RUU ini berkenaan dengan organisasi kemasyarakatan. Pemerintah bersama DPR RI
tengah menggodok Rancangan Undang Undang tentang Organisasi Masyarakat (RUU
Ormas). Dan RUU ini akan digunakan untuk menggantikan UU No. 8 tahun 1985
tentang Organisasi Kemasyarakatan. Apa yang salah dengan UU No. 8 tahun 1985
dan apa kontribusi RUU Ormas ini ke depannya? Banyak pihak yang berbeda pendapat
dalam hal ini.
Ada beberapa penilaian pemerintah mengenai UU
No. 8 tahun 1985 tentang Organisasi Kemasyarakatan. Pemerintah menilai bahwa UU No. 8 tahun 1985 tentang Organisasi Kemasyarakatan
yang ada ini, sudah tidak relevan lagi dan perlu dibenahi. Pemerintah menilai,
bahwa eksistensi UU ini hanya berdampak pada meningkatnya kekerasan antargolongan/organisasi
masyarakat (ormas) demi tercapainya tujuan golongan. Sebagai contoh adalah meningkatnya
kekerasan dengan berlandaskan agama.

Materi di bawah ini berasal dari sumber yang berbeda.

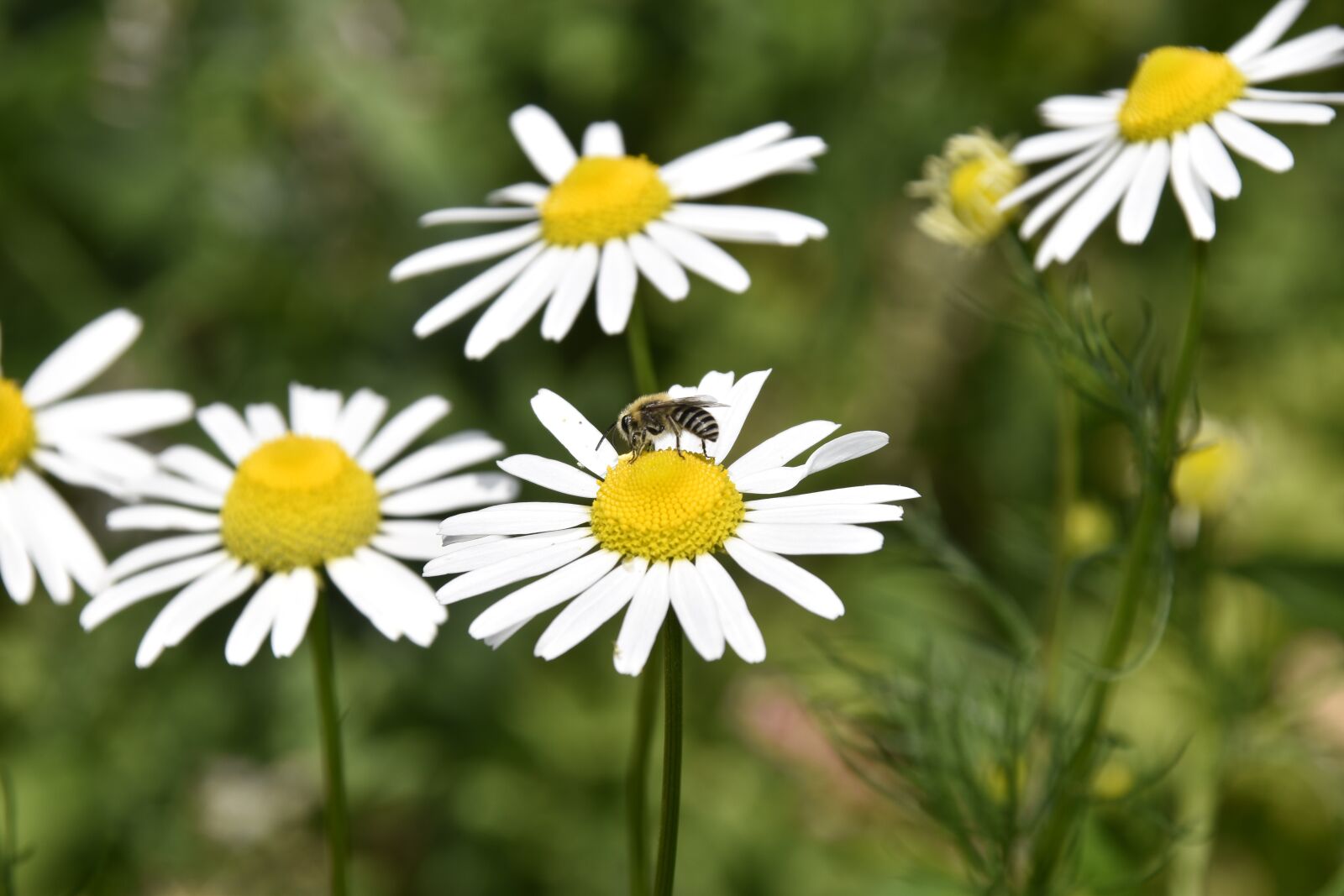 Nikon D5600 sample photo. Flower, flowers daisies, petals photography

Pemerintah menilai semisal pertikaian antara
Syi’ah dan Sunni di Madura, kasus Ahmadiyah, gerakan Front Pembela Islam (FPI) dan
lain- lain, dianggap telah melahirkan pelanggaran HAM yaitu Pasal 28 ayat 1 bahwa,
“Hak untuk hidup, hak untuk tidak disiksa, hak kemerdekaan pikiran dan hati nurani,
hak beragama, hak untuk tidak diperbudak, hak untuk diakui sebagai pribadi dihadapan
hukum, dan hak untuk tidak dituntut atas dasar hukum yang berlaku surut adalah hak
asasi manusia yang tidak dapat dikurangi dalam keadaan apa pun.”
Akan tetapi terkadang pemerintah sendiri terkesan
kurang tegas dalam mengambil sikap. Hal ini bisa kita lihat dari banyaknya persoalan
kemasyarakatan yang belum terselesaikan. Seperti kasus Ahmadiyah, Syi’ah,
penodaan terhadap agama dan lain-lain. Ini diakibatkan dari sikap ‘netral’
pemerintah yang tidak memihak siapa pun meskipun terhadap agamanya sendiri.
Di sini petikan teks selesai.